▶ EXERCISE DESCRIPTION
Output, exactly as written, the lines below starting at the line containing "Pacific Hai Conditione" and ending at the line containing "Profil aluminiu aparent". Drop the pictures and keep both end lines.

(Beginning of DATA FOR THIS TASK)

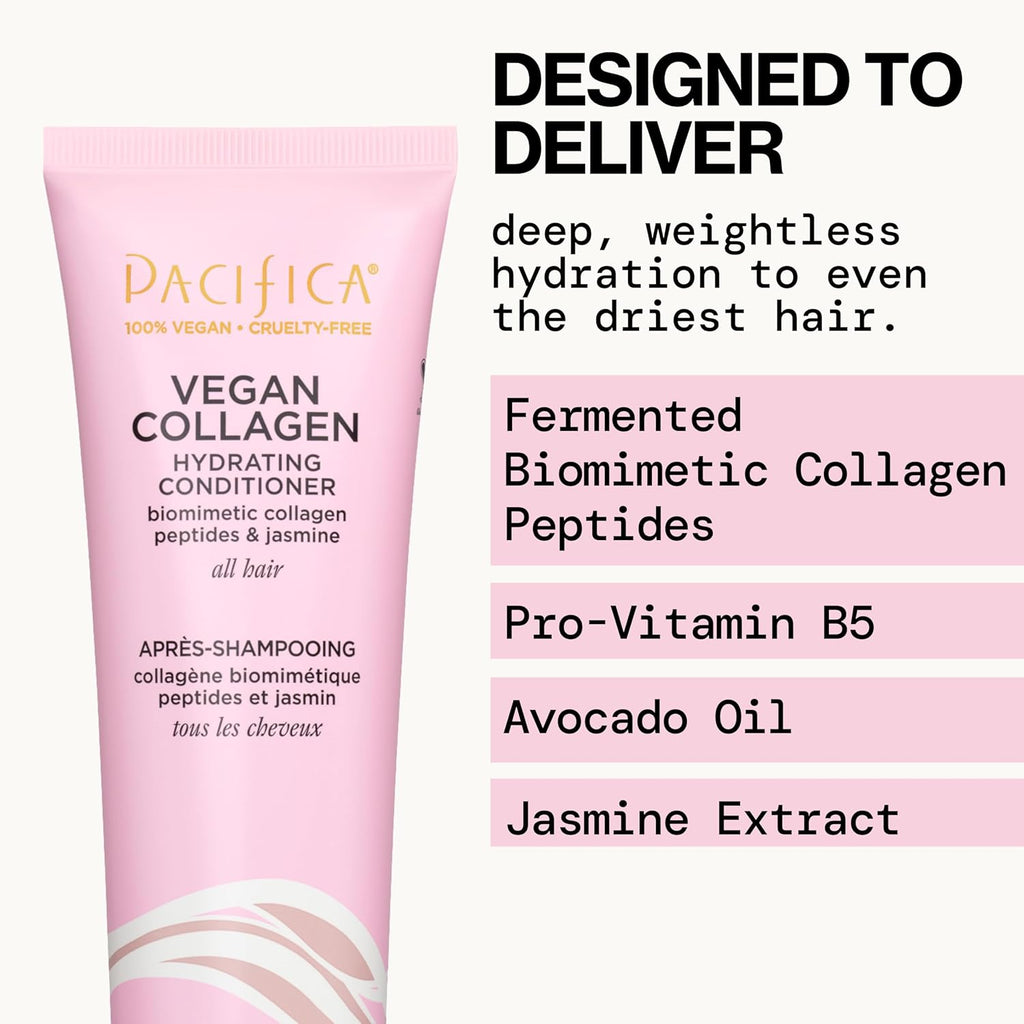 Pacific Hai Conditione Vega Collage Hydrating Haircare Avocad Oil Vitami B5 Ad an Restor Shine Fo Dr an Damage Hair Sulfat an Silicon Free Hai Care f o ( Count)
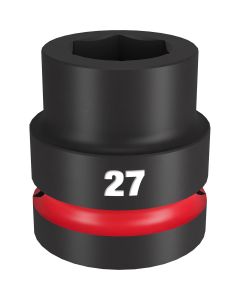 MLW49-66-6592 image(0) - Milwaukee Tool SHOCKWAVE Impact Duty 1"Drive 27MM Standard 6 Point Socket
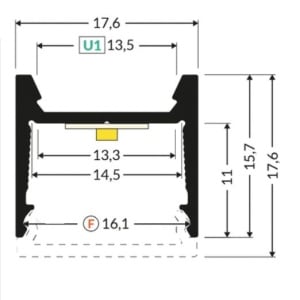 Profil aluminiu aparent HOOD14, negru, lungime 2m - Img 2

(End of DATA FOR THIS TASK)
(Beginning of DATA FOR THIS TASK)

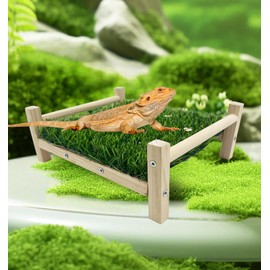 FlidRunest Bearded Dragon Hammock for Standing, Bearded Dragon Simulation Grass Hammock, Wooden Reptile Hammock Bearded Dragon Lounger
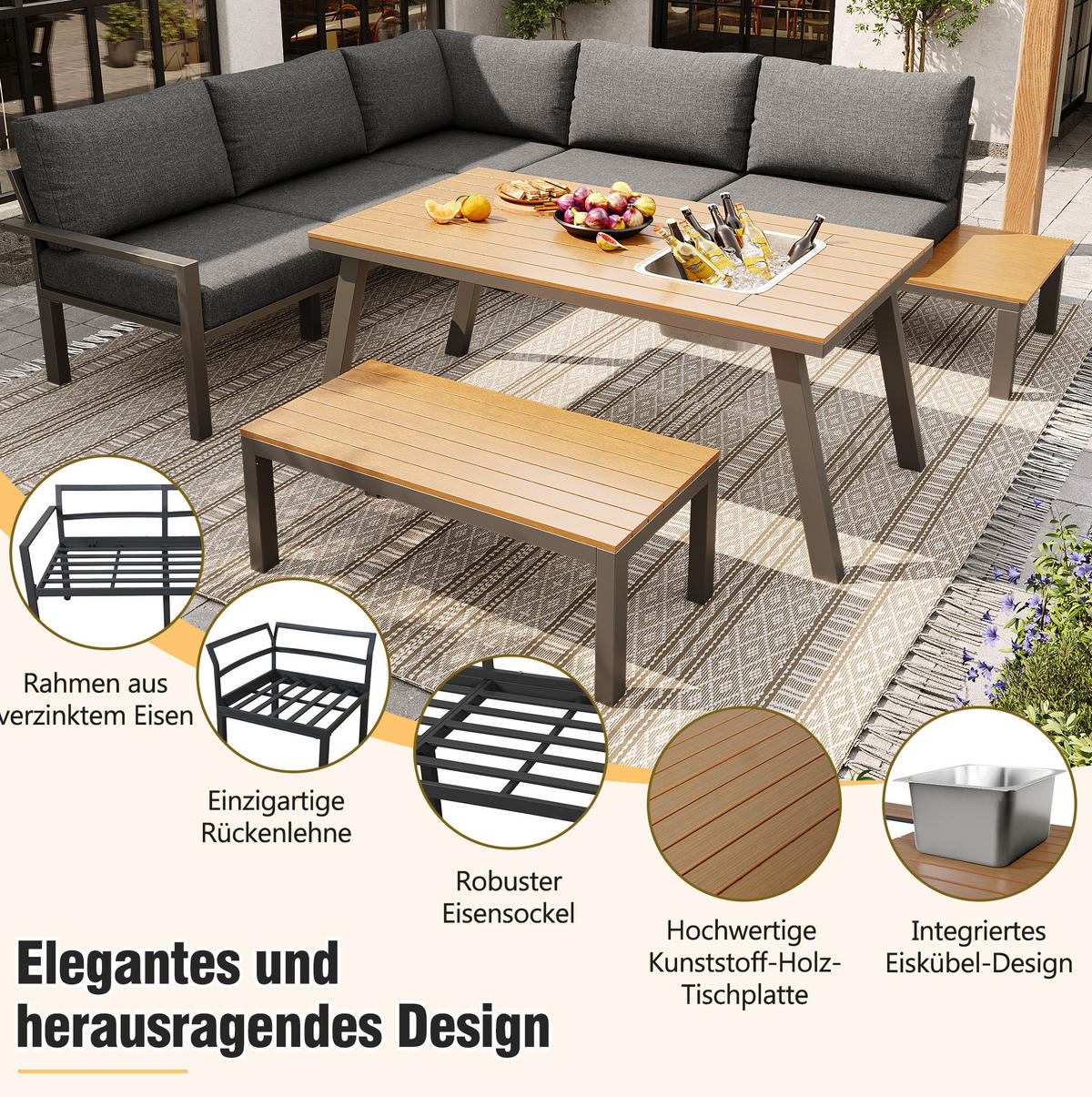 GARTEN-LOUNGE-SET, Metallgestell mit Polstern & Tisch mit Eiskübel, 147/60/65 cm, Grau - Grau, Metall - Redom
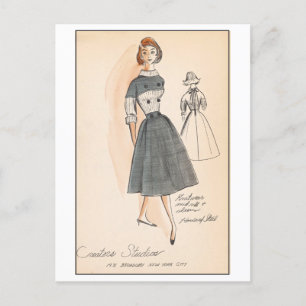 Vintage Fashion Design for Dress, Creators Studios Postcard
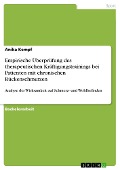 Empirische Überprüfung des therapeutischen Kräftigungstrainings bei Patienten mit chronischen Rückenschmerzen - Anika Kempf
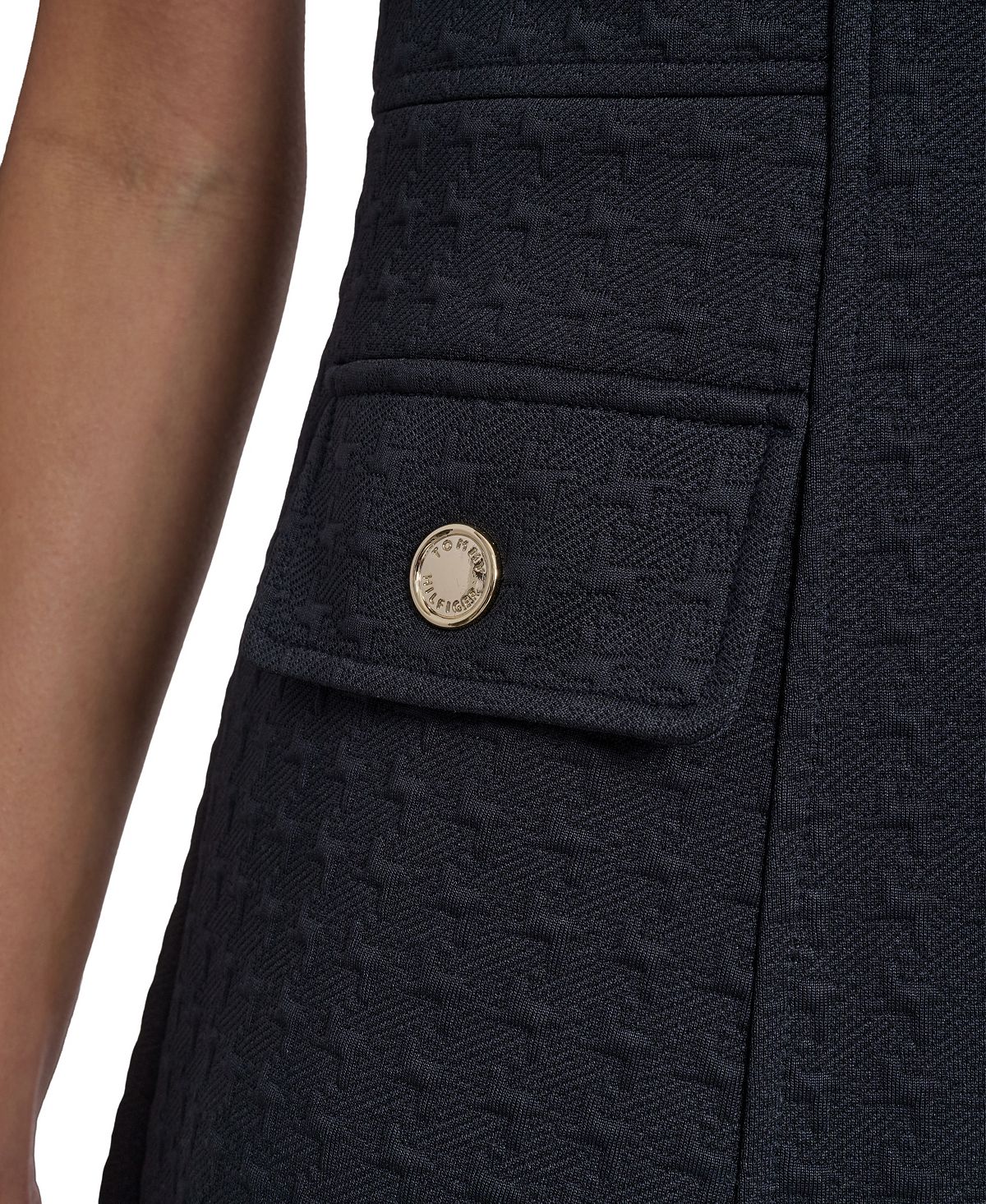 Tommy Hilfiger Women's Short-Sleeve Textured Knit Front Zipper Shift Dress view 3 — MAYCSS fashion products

(End of DATA FOR THIS TASK)

▶ WRITTEN ANSWER
 Pacific Hai Conditione Vega Collage Hydrating Haircare Avocad Oil Vitami B5 Ad an Restor Shine Fo Dr an Damage Hair Sulfat an Silicon Free Hai Care f o ( Count)
 MLW49-66-6592 image(0) - Milwaukee Tool SHOCKWAVE Impact Duty 1"Drive 27MM Standard 6 Point Socket
 Profil aluminiu aparent HOOD14, negru, lungime 2m - Img 2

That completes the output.